Friday, November 11, 2016
Check Kaiser Health News online for the latest headlines

Today's early morning highlights from the major news organizations.

Kaiser Health News: Concerned About Losing Your Marketplace Plan? ACA Repeal May Take Awhile
Michelle Andrews writes: "President-elect Donald Trump has promised that he’ll ask Congress to repeal the Affordable Care Act on Day One of his administration. If you’re shopping for coverage on the health insurance marketplace, should you even bother signing up? If everything’s going to change shortly after your new coverage starts in January anyway, what’s the point?" (Andrews, 11/10)

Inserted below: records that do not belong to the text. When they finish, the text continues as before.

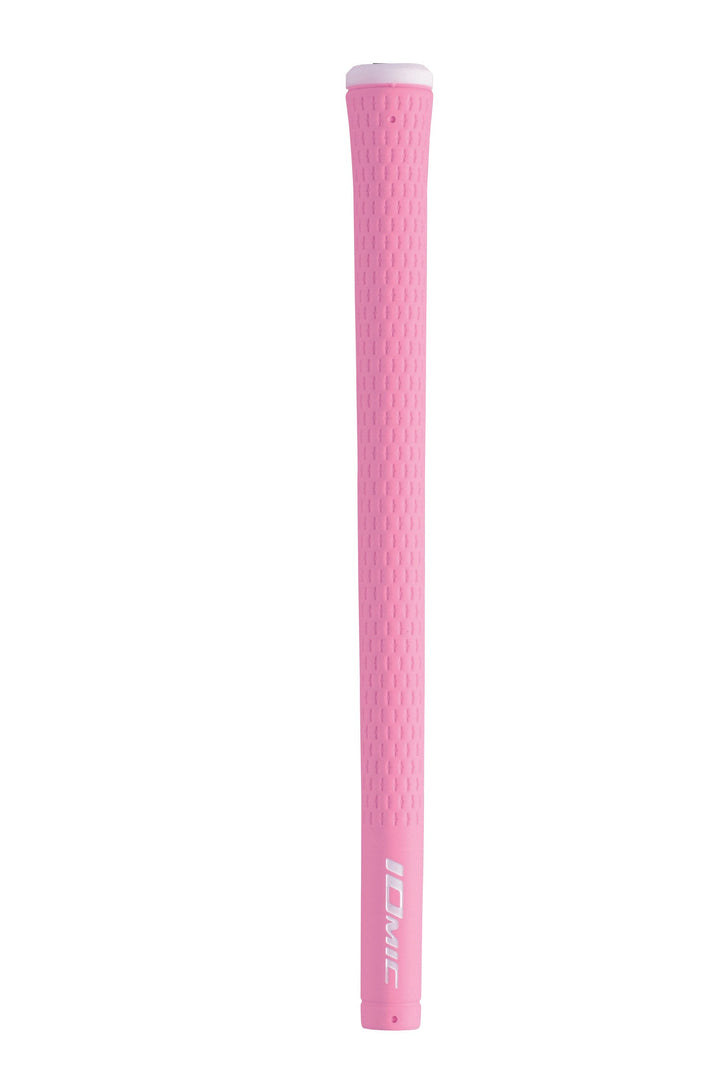 Sticky 1.0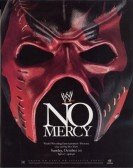 WWE No Mercy Free Download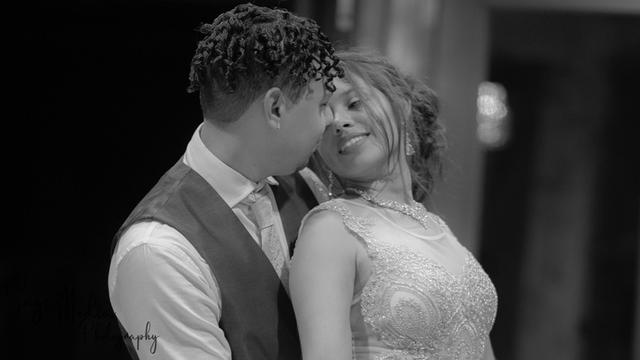 Saga Media Photography - 1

California Healthline: No Immediate Changes To Your Obamacare Coverage
Emily Bazar writes: "To the millions of Californians who obtained health insurance as a result of the Affordable Care Act, know this: Despite the election of Donald Trump, who has promised to repeal the health law, nothing is going to happen to your coverage immediately. In fact, open enrollment for Covered California plans continues through January 31 despite the election outcome." (Bazar, 11/11)

California Healthline: Momentum To Regulate Drug Prices Uncertain After Prop 61 Defeat, Republican Victories
Republican control of the White House and Congress erodes the possibility of federal action to control the price of prescription drugs, health policy experts say. Instead, policymaking to address the spiraling drug costs likely will be done on the state level. Yet the Election Day defeat of a California ballot measure to rein in drug prices may make local lawmakers less inclined to pursue that model of tamping down on drug prices, too. (Bartolone, 11/10)

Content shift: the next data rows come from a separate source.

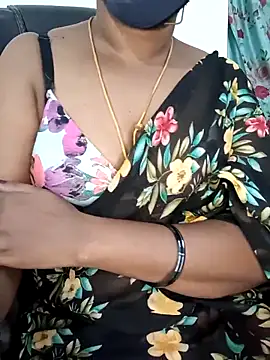 Tamil-hotwife – Live XXX-chat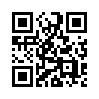 QR kód na túto stránku poi.oma.sk n3462282105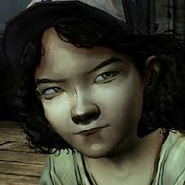 Clem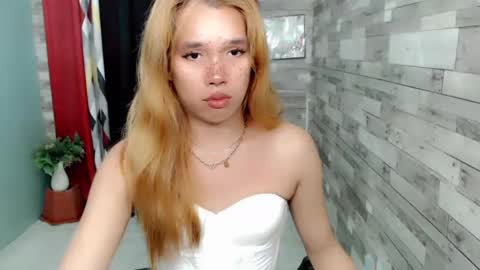 Snapshot of _topdomfucker_ chatting on December 30, 2024, 8:36 pm Iam Alex online show from December 30, 2024, 8:36 pm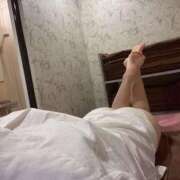 ヒメ日記 2025/12/18 13:09 投稿 ふたば 新宿プチドール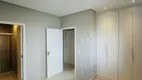 Foto 14 de Apartamento com 3 Quartos para alugar, 78m² em Alto da Glória, Goiânia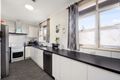 Property photo of 12 Hillview Avenue Bankstown NSW 2200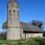 Star heritage role for special Suffolk historic church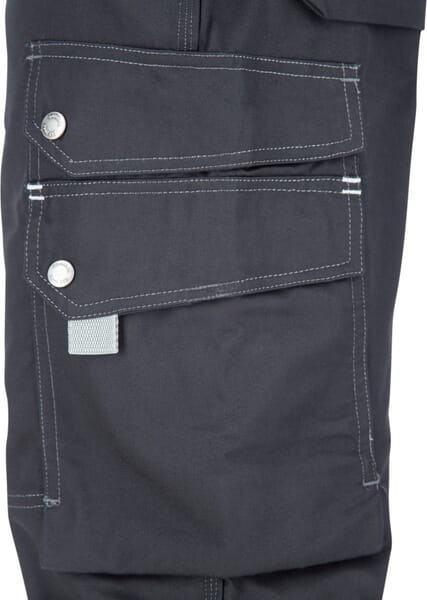 /images/products/11902/28646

The New York Times: No Affordable Care Act? Health Insurers Weren’t Expecting That
More than 100,000 Americans rushed to buy health insurance under the Affordable Care Act on Wednesday, the biggest turnout yet during this year’s sign-up period, the day after the election of Donald J. Trump, who has promised to repeal the law. The figure, announced by the Obama administration, added to a sense of whiplash about the law, and underscored the magnitude of any change. Despite all the criticisms about the law coming from President-elect Trump and his allies, millions of people now depend on it for coverage. (Abelson, 11/11)

Los Angeles Times: More People Signed Up For Obamacare The Day After Trump Was Elected Than Any Day This Enrollment Period
Underscoring the challenge President-elect  Donald Trump faces repealing the Affordable Care Act, more than 100,000 people signed up for health coverage through the law on Wednesday, the day after Trump’s election. The tally, reported Thursday by the Obama administration, marked the busiest day since the enrollment period for coverage in 2017 began Nov. 1. (Levey, 11/10)

The Wall Street Journal: Affordable Care Act Enrollment Surges Following Trump Election
“Is it people trying to get in before something happens? I don’t know but it’s possible,” said Brian Burton, an enrollment worker in Lafayette, La. Health analysts, insurance brokers, and the navigators who help people obtain coverage said some consumers fear Republicans will take away the tax subsidies that offset premium costs. Some also said people are asking if they can forgo enrolling because they believe the Trump administration will end a requirement that most individuals have health insurance or pay a penalty. (Armour, 11/10)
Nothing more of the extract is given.